L’autolesionismo non suicidario è distinto dal suicidio perché le persone non intendono il proprio gesto come letale, anche se il rischio a lungo termine di tentativi di suicidio è aumentato. L’autolesionismo non suicidario tende a manifestarsi nei primi anni dell’adolescenza e non vi è distinzione tra i sessi. Spesso è associato ad altri disturbi psichici, come il disturbo antisociale di personalità, disturbi alimentari e disturbo di personalità borderline o abuso di sostanze. Le motivazioni psichiche alla base di questo gesto sono variabili da persona a persona e, soprattutto, dipendono dalla storia personale. La pelle è il registro della nostra vita ed è il nostro primo contatto col mondo esterno. Violarlo, segnarlo con atti autolesionistici è una ricerca di dolore che paradossalmente provoca una scarica di adrenalina, quindi uno stimolo estremamente forte. Vedere il dolore concretizzarsi ne evita la sua diffusione in maniera massiccia. La sofferenza rimane circoscritta in un luogo specifico, a cui seguono rituali e schemi precisi. La sua comparsa nella fase adolescenziale è legata al processo di identificazione e alla costruzione interna di vissuti emotivi che sono talmente forti e importanti, che reggerli per quella età è molto difficile. L’autolesionismo diviene una metafora tra il Sé, il Corpo e il Mondo, tipico dell’adolescente. Mediante il proprio corpo, l’adolescente sperimenta le emozioni e i vissuti e trova un suo posto. Ma quando il corpo diviene luogo di dolore, allora s’innesca una dinamica di autodistruzione e isolamento.

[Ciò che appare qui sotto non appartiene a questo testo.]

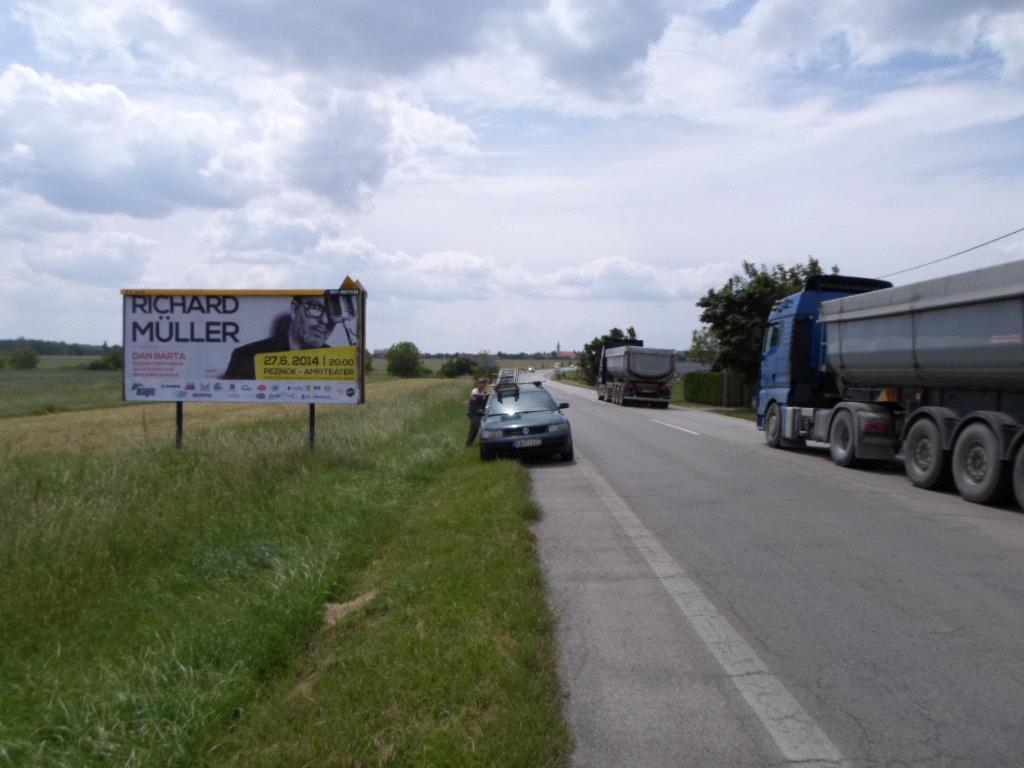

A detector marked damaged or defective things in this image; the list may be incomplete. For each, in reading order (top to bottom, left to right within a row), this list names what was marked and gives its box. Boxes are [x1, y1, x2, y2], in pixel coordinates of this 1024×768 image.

Quando un genitore scopre che il figlio si fa del male, vive uno stato di shock. Cosa fare? Innanzitutto, non assillare con le domande e non farsi vedere agitato, il che provocherebbe una dinamica maggiormente ansiogena. Anzi, ciò di cui si ha necessità è la rassicurazione, il giusto sostegno, la calma e richiedere un aiuto concreto mediante i servizi sul territorio. Spesso ciò che si è scoperto è solo la punta di un iceberg. L’adolescente vive la più difficile delle transizioni che un individuo affronta durante le fasi del ciclo vitale ed è fondamentale dargli la giusta rete di aiuto, come base del suo futuro.